Information given -
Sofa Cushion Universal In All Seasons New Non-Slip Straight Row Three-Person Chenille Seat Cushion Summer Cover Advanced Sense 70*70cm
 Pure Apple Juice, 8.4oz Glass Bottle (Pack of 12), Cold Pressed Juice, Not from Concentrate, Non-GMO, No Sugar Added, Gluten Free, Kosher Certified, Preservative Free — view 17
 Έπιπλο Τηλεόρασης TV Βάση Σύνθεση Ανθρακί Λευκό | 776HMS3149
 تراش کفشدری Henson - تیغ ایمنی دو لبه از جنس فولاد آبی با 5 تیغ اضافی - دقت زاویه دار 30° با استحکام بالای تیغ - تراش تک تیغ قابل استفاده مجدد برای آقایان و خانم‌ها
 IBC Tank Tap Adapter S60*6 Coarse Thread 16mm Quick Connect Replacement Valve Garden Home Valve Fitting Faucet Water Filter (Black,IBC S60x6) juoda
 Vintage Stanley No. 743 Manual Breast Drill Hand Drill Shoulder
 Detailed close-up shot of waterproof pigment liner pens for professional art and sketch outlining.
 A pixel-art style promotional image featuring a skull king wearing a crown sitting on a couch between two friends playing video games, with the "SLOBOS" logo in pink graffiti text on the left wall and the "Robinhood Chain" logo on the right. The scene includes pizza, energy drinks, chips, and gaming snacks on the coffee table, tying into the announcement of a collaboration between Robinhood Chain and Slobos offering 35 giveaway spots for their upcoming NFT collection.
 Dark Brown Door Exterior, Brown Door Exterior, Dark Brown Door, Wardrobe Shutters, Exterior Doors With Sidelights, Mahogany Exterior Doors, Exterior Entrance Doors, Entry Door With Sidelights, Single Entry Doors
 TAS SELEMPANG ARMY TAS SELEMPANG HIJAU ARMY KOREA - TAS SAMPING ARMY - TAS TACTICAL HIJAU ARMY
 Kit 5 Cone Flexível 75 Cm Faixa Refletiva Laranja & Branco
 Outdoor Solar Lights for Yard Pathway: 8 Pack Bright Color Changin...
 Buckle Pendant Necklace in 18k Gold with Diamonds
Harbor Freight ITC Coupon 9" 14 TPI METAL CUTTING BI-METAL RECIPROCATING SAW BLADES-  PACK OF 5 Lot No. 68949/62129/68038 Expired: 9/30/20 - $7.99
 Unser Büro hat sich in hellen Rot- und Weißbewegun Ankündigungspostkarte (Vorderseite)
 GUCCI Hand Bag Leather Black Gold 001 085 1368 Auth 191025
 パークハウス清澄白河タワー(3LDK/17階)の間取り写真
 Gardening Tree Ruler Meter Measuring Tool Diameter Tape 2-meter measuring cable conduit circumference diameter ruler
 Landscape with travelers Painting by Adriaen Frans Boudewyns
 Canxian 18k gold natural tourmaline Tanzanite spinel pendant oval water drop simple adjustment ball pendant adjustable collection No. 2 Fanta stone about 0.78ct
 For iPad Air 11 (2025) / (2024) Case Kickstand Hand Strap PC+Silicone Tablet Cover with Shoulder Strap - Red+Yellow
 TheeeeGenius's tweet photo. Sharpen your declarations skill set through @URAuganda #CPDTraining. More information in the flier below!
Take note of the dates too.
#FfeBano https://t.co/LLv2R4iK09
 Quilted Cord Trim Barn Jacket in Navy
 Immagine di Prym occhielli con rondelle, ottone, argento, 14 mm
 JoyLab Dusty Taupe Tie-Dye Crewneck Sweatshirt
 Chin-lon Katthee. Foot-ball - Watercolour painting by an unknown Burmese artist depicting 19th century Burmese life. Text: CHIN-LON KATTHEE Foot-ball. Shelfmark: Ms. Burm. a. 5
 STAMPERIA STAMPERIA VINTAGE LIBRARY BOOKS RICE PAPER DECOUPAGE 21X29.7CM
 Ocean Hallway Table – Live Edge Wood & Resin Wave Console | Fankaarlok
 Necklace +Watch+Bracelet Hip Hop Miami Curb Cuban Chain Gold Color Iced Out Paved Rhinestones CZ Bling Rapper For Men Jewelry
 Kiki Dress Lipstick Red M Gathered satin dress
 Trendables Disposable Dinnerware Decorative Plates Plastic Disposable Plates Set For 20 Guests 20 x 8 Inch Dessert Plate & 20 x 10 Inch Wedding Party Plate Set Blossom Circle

Goal of the exercise - Search the material above for the word "Color", then copy out each line that has it.

Exercise response -
 Outdoor Solar Lights for Yard Pathway: 8 Pack Bright Color Changin...
 Necklace +Watch+Bracelet Hip Hop Miami Curb Cuban Chain Gold Color Iced Out Paved Rhinestones CZ Bling Rapper For Men Jewelry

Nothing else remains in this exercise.